Step 4: Define and Enforce Compliance Policies

The last step in an Information Lifecycle Management solution is the creation of policies for compliance. When data is decentralized and fragmented, compliance policies have to be defined and enforced in every data location, which could easily result in a compliance policy being overlooked. However, using Oracle Database to provide a central location for storing data means that it is very easy to enforce compliance policies because they are all managed and enforced from one central location.

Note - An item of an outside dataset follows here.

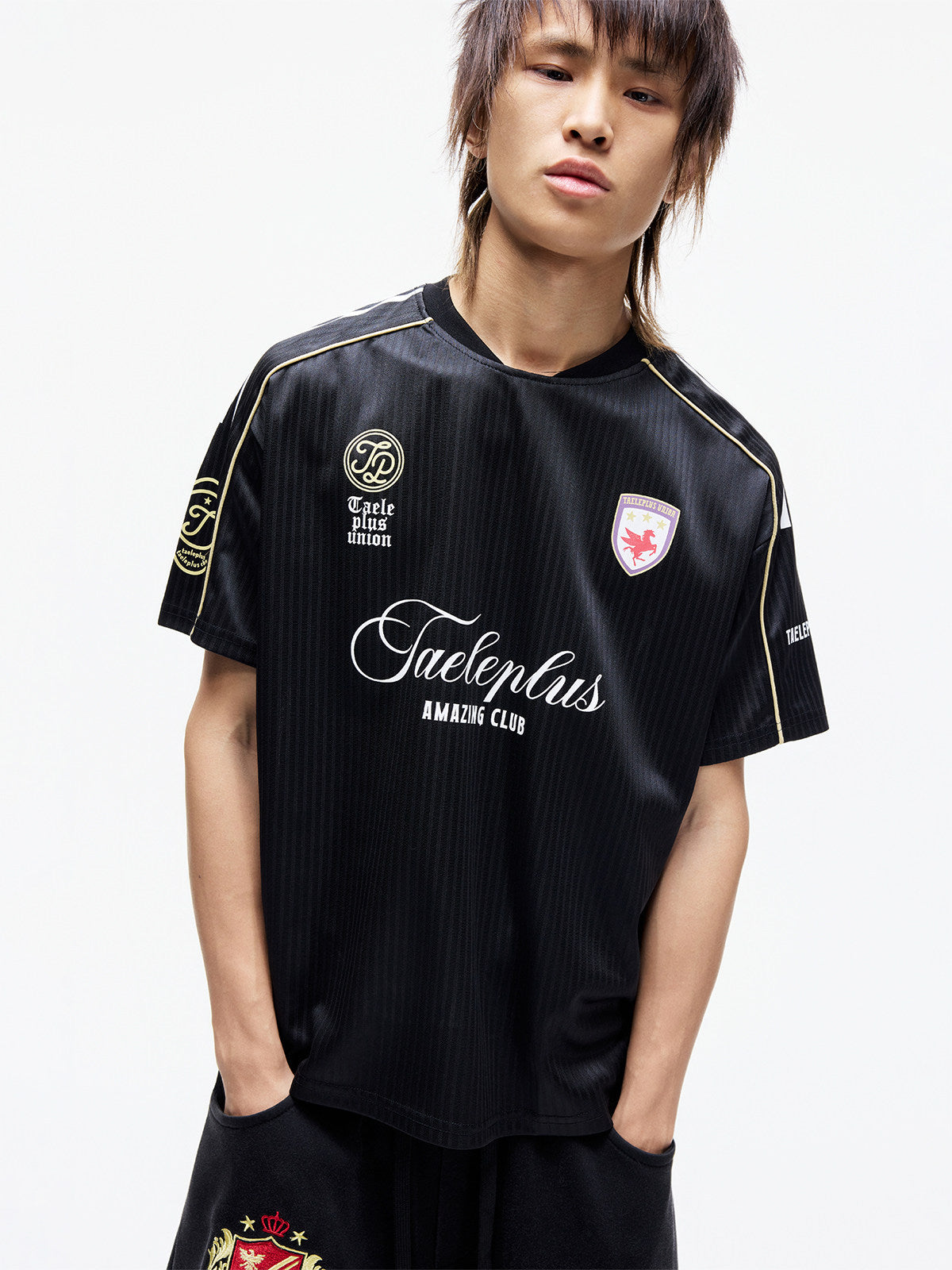 Sporty Textured Panel Print Short Sleeve T-Shirt WN27309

When defining compliance policies, consider the following areas:

  • Data Retention

  • Immutability

  • Privacy

  • Auditing

  • Expiration

Data Retention

The retention policy describes how the data is to be retained, how long it must be kept, and what happens after data life. An example of a retention policy is a record must be stored in its original form, no modifications are allowed, it must be kept for seven years, and then it may be deleted. Using Oracle Database security, it is possible to ensure that data remains unchanged and that only authorized processes can remove the data at the appropriate time. Retention policies can also be defined through a lifecycle definition in the ILM Assistant.


Immutability is concerned with proving to an external party that data is complete and has not been modified. Cryptographic or digital signatures can be generated by Oracle Database and retained either inside or outside of the database, to show that data has not been altered.

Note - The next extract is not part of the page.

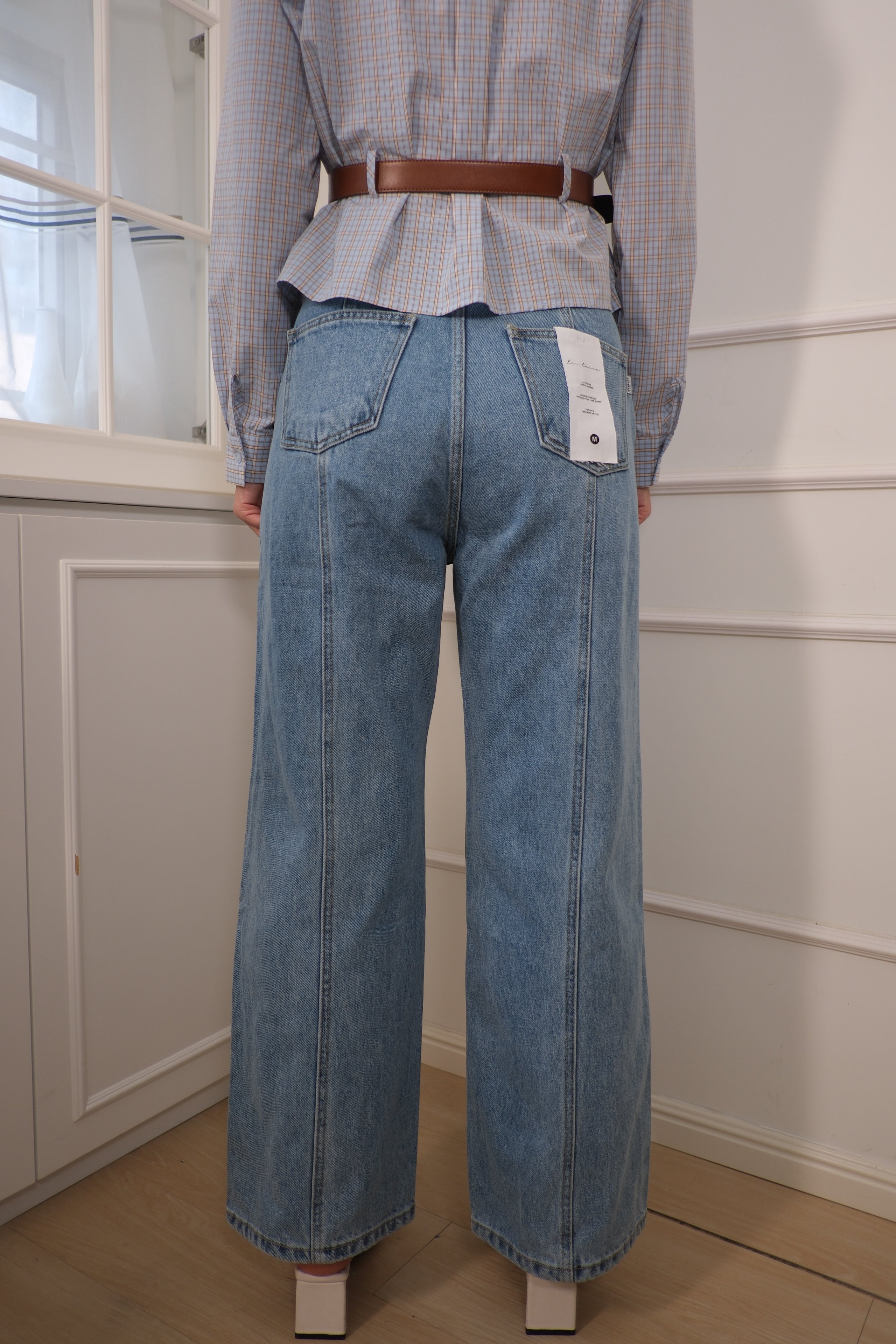 3D contoured straight-leg jeans [PT0087]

Oracle Database provides several ways to ensure data privacy. Access to data can be strictly controlled with security policies defined using Virtual Private Database (VPD). In addition, individual columns can be encrypted so that anyone looking at the raw data cannot see its contents.

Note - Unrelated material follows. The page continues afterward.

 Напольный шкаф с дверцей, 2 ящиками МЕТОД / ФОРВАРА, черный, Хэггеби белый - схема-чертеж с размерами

Oracle Database can track all access and changes to data. These auditing capabilities can be defined either at the table level or through fine-grained auditing, which specifies the criteria for when an audit record is generated. Auditing can be further enhanced using Oracle Audit Vault and Database Firewall.

See Also:

Oracle Audit Vault and Database Firewall Administrator’s Guide for information about Oracle Audit Vault and Database Firewall


Ultimately, data may expire for business or regulatory reasons and must be removed from the database. Oracle Database can remove data very quickly and efficiently by simply dropping the partition which contains the information identified for removal.